One significant factor contributing to this situation is the withdrawal of funds by Limited Partners (LPs), who are clients of VCs. LPs are pulling out investments due to soaring interest rates, inflation concerns, economic recessions in East Asia, and overall market volatility.
The ripple effect of high interest rates is particularly burdensome for startups relying on debt financing.
However, escaping this predicament is unlikely to be straightforward. Interestingly, despite these challenges, VCs are pouring substantial investments into startups related to recent successful satellite launches in Korea.
These investments are primarily flowing into companies involved in rocket and payload development, many of which are claiming imminent plans to go public.
Taking a closer look at South Korea's recent IPOs, it's evident that several AI startups that went public in the last two years are still operating in the red. Ironically, when these startups did go public, most VCs who initially invested cashed out and turned a profit, while individual investors who bought stocks later bore the losses.

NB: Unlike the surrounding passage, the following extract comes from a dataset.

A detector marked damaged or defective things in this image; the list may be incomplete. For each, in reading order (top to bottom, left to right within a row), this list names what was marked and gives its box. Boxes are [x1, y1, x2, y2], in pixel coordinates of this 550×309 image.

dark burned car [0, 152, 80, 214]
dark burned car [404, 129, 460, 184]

But let's not blame individual investors. Yes, it's essential to emphasize that they have a responsibility to make informed investment decisions. However, VCs passing the time bomb onto individual investors should be criticized too.
In the business world, failures are common, and even companies listed on stock exchanges or large profitable companies can collapse in an instant. While nothing in business is guaranteed, it's concerning to see companies preparing for IPOs as a way to give an exit the VCs or because they've exhausted their funding options, leaving future investors at risk.

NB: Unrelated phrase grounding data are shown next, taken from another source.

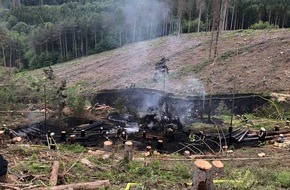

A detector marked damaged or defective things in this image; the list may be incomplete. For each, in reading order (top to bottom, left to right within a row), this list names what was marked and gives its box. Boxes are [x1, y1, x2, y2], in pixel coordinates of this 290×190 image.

fire damage [2, 87, 290, 154]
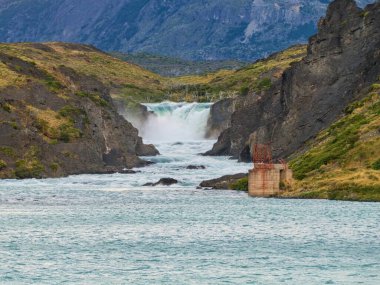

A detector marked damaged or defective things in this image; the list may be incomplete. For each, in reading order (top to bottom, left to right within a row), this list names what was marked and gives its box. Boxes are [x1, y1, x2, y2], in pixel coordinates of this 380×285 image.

rusted concrete structure [248, 163, 292, 196]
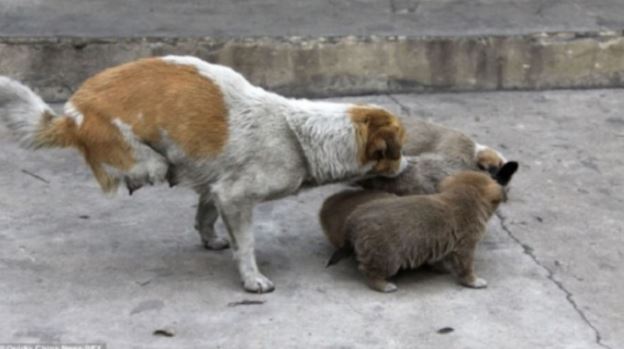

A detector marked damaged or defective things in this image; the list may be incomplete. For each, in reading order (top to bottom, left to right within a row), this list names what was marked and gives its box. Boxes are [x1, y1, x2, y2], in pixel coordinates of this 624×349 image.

crack in concrete [388, 94, 412, 117]
crack in concrete [500, 209, 612, 348]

Attempting to cover financial gaps by raising more money after a company goes public is also not a sustainable solution.
Recently, Korean aerospace startups have been expressing interest in entering the remote sensing image analysis business. Typically, these companies claim they will leverage their satellite or payload technology for analysis. However, it's important to note that the resolution of images captured by Korean-developed satellites equipped with EO sensors or Synthetic Aperture Radar (SAR) is relatively low.

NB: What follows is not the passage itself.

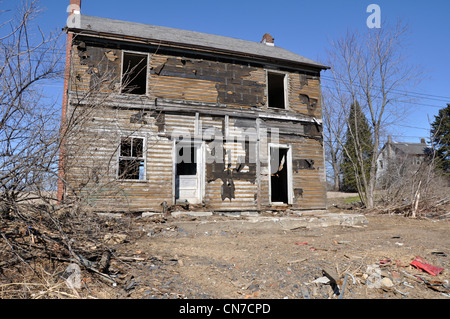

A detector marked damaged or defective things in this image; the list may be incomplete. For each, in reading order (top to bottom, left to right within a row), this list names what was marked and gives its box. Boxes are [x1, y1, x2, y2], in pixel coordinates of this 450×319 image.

Low-resolution images limit the depth of information that can be extracted from them, even with advanced super-resolution techniques. This contrasts with the global trend where satellites from countries and companies are continually improving their image resolution capabilities.
Indeed, the resolution of photographs captured by U.S. keyhole satellites is recognized to be exceptionally high, to the point of being virtually incomprehensible. Moreover, this resolution continues to increase. This trend holds true for upcoming satellites slated for launch by numerous countries and corporations. The move toward higher-resolution imagery is driven by the potential for more comprehensive information extraction from high-quality images.
It's possible that Korean satellite startups may not face immediate bankruptcy. This is primarily due to the substantial government support they are likely to receive. Even if these startups are not at the forefront of technological advancements compared to other countries, the Korean government is committed to backing these companies to secure space technology independence.
However, there's a notable trend where VCs are investing in these startups without the necessary expertise in the field. Consequently, individual investors are bearing the brunt of losses in the stock market when investing in newly listed space-tech companies.
In a world where technology evolves rapidly, many global companies are quickly enhancing their capabilities in handling large volumes of high-resolution image data. This trend deepens my concerns about the Korean investment market and suggests that the Korean aerospace market is overheating.